* [Your goal]
What should be copied is the stretch of entries below from the line with "Anton Schımmer & Co Gmbh-qr-code" up to and including the line with "2026 Jeep Grand", exactly and without images.

* [Input]
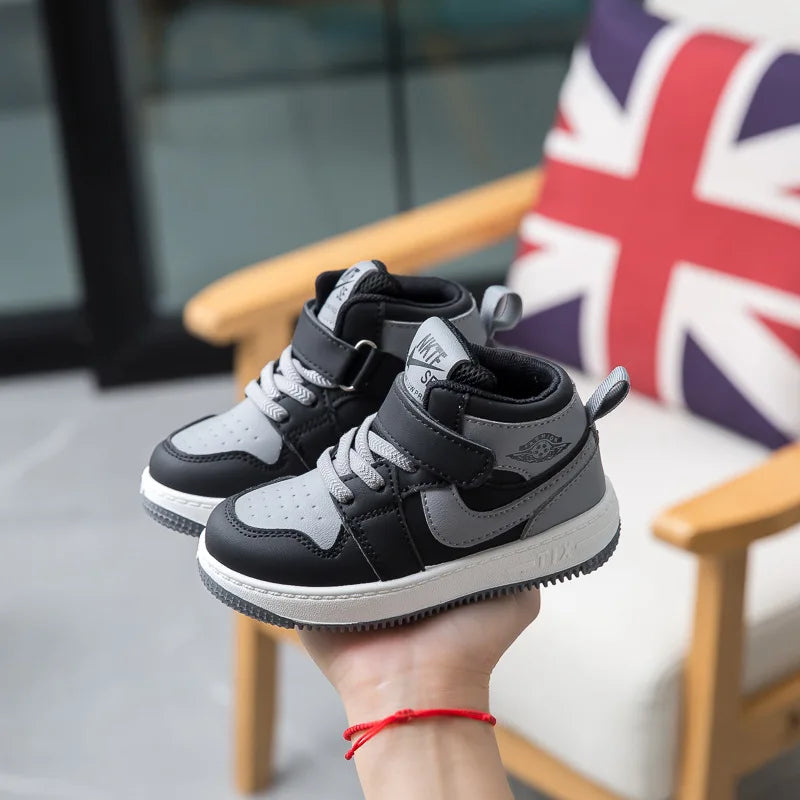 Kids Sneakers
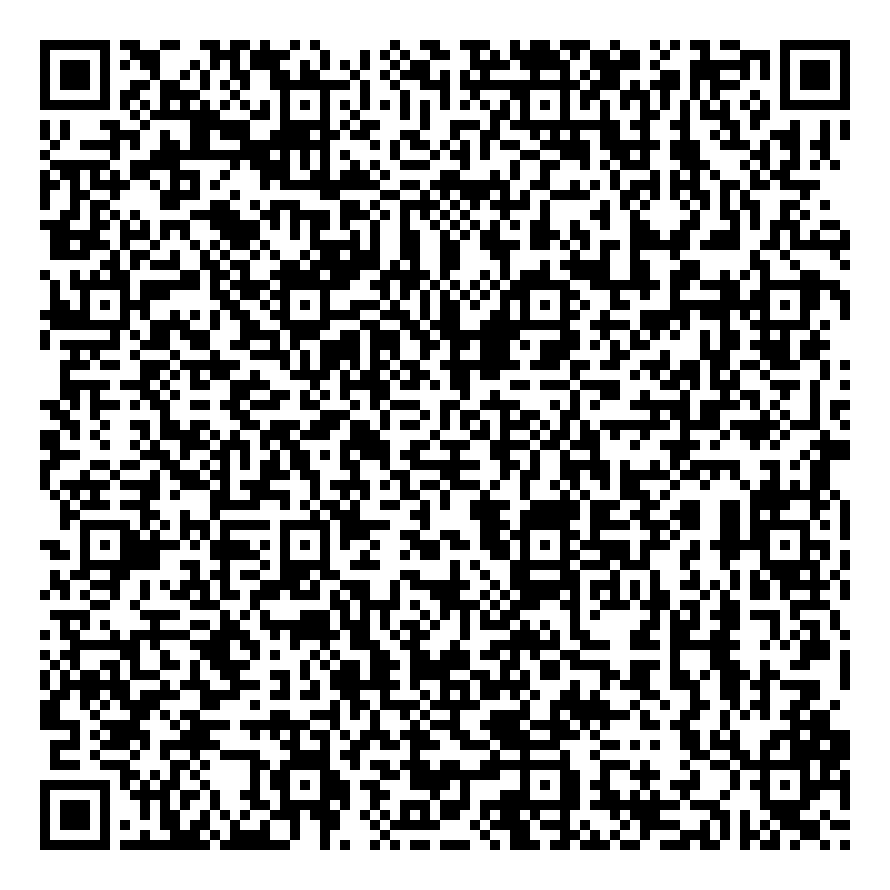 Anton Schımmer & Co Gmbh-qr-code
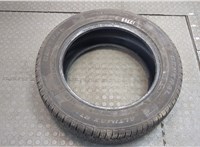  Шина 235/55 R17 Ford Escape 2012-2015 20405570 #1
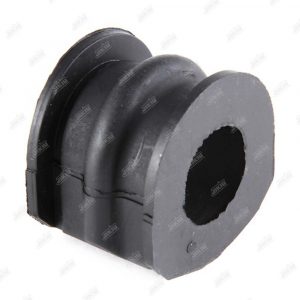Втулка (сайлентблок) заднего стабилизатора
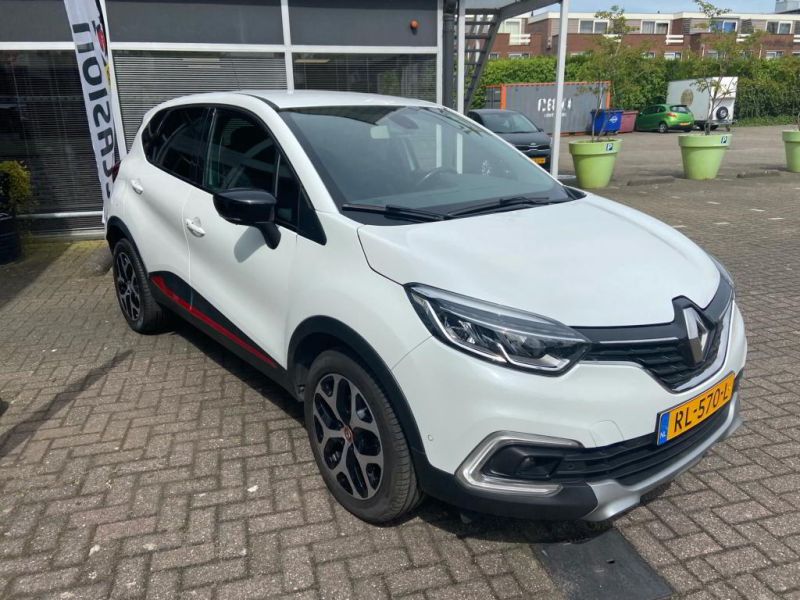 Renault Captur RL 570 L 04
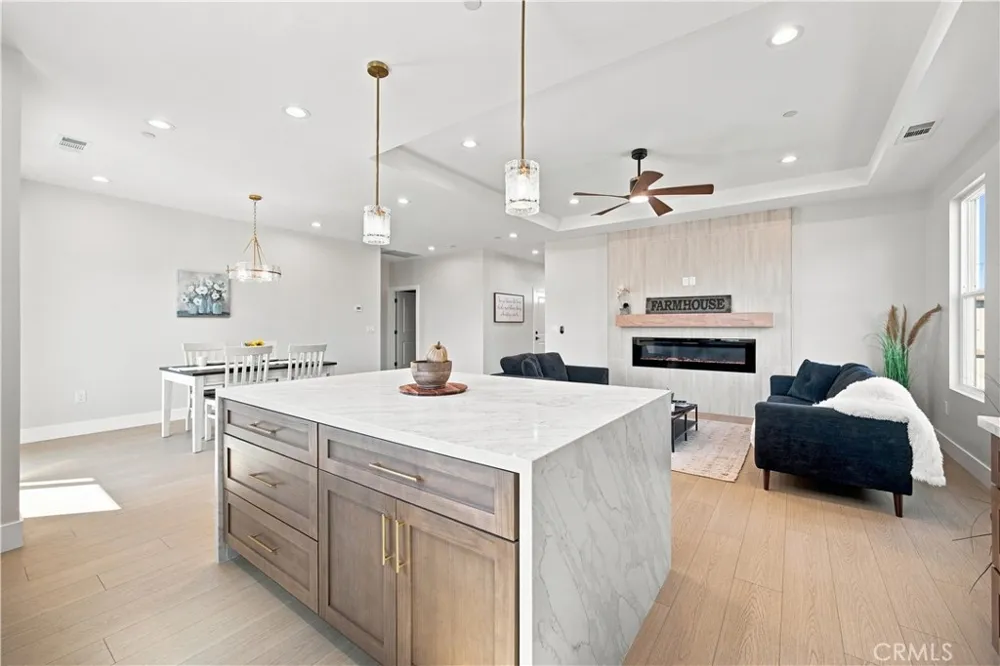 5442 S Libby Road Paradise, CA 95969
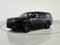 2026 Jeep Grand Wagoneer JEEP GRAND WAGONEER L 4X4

* * *

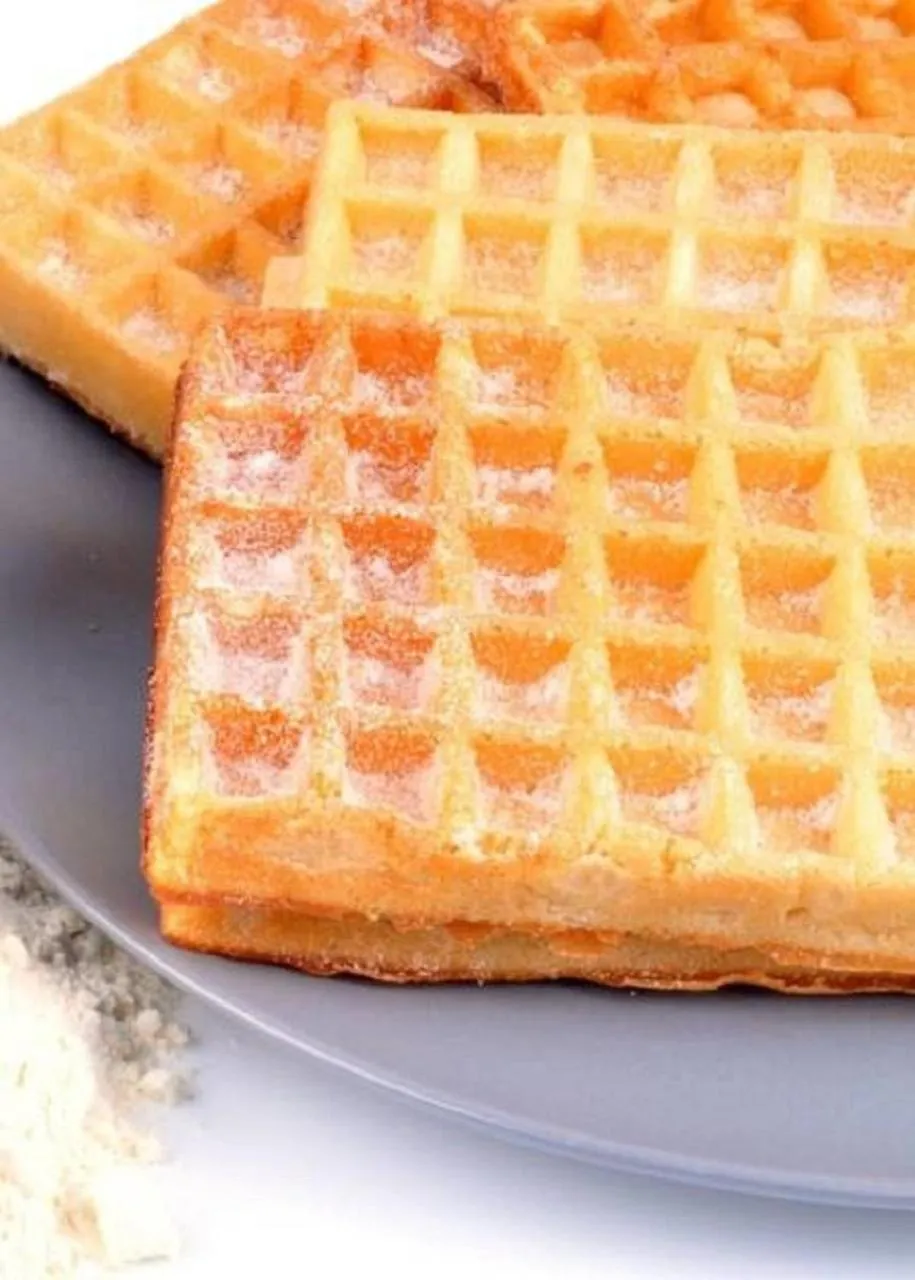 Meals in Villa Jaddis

* [Solution]
 Anton Schımmer & Co Gmbh-qr-code
  Шина 235/55 R17 Ford Escape 2012-2015 20405570 #1
Втулка (сайлентблок) заднего стабилизатора
 Renault Captur RL 570 L 04
 5442 S Libby Road Paradise, CA 95969
 2026 Jeep Grand Wagoneer JEEP GRAND WAGONEER L 4X4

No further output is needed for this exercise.